The News
There’s a new prize making waves in the AI research community. Andy Konwinski, a co-founder of Databricks and Perplexity, is offering up to $1 million for anyone who can get an open-source large language model to score up to 90% on a new benchmark that tests AI coding ability.
The contest, called K Prize, is the latest in a wave of similar awards for people who can solve problems with AI, something Semafor covered in June. Nat Friedman’s contest to decipher words on ancient scrolls turned to ash in the Mount Vesuvius volcanic eruption 2,000 years ago led to new historical knowledge of the period.
Konwinski’s prize is designed to entice smaller, independent researchers to experiment with new methods and techniques to train foundation models or build atop existing ones. AI has already had an impact in the field of software development, but the models are a long way from replacing human developers.
Step Back
The problem with AI benchmarks is that the scores are often inflated. That’s because training data used by AI models can be contaminated with the benchmarks themselves — akin to giving someone the answers to a test before they take it.
Despite the grade inflation, a coding test called SWE-bench has proven challenging for AI models. According to its website, the highest-performing model currently only scores 55% on the evaluation, which consists of real-world software problems posted to the popular coding repository site GitHub.
Konwinski said in an interview that the concern with SWE-bench was that the coding problems could simply be downloaded from the internet. He worked with SWE-bench and the machine learning site Kaggle, which often posts similar contests online, to come up with a special test that couldn’t be gamed, he said.

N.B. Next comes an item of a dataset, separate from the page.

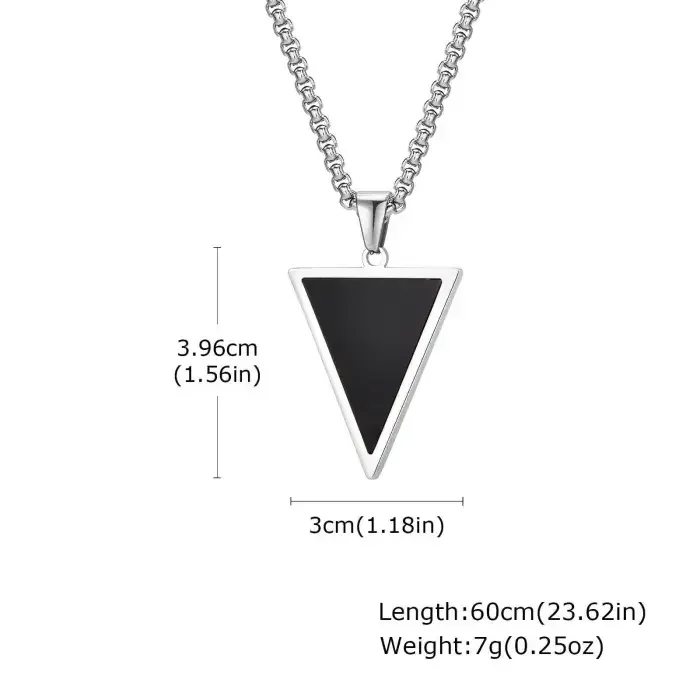 Wholesale Stainless Steel Triangle Turquoise Pendant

Essentially, Konwinski and SWE-bench will create a test that doesn’t yet exist at the time the AI models are submitted, ensuring the answers can’t be included in the training data.
The contest should provide the most accurate assessment yet of how well AI models can code.
“Better benchmarks could be very much at the heart of better technology,” he said.
Know More
To encourage independent developers to participate, Konwinski is limiting the prize money to open models, as opposed to closed models, like those made by OpenAI and Anthropic.
The prize money is coming out of his pocket, he said. (Konwinski has been wildly successful. Databricks was just valued at $62 billion and Perplexity is on course to reach a double-digit, billion-dollar valuation).
Kaggle will provide compute resources to the small developers who can’t necessarily afford or access the GPU power to train and test their models.
Now What?
Konwinski believes offering prize money to small developers will encourage “small AI.” While big companies have piled data and compute power into larger and larger AI models, Konwinski said there’s room for more elegant innovation and breakthroughs that don’t require the same kind of scaling.
Indeed, some AI researchers believe the human brain, capable of running on bread and water, is evidence that it’s possible to make AI models much smaller.
“Our target is not to displace something. It’s to get people to stay up late and try to make progress on the problem,” he said. “You’ll see that making AI smaller has this positive side effect of reinvigorating research.”
Konwinski announced the prize at the Neural Information Processing Systems conference last week.
The first person to hit 90% on the benchmark will get $1 million, he says.
As one commentator on Hacker News pointed out, “If your AI can do this, it’s worth several orders of magnitude more. Just FYI.”
The top submission will receive at least $50,000, even if it doesn’t hit the 90% mark. “The goal isn’t necessarily to win the world championship of this thing. It’s just to catalyze energy and breakthroughs,” Konwinski said.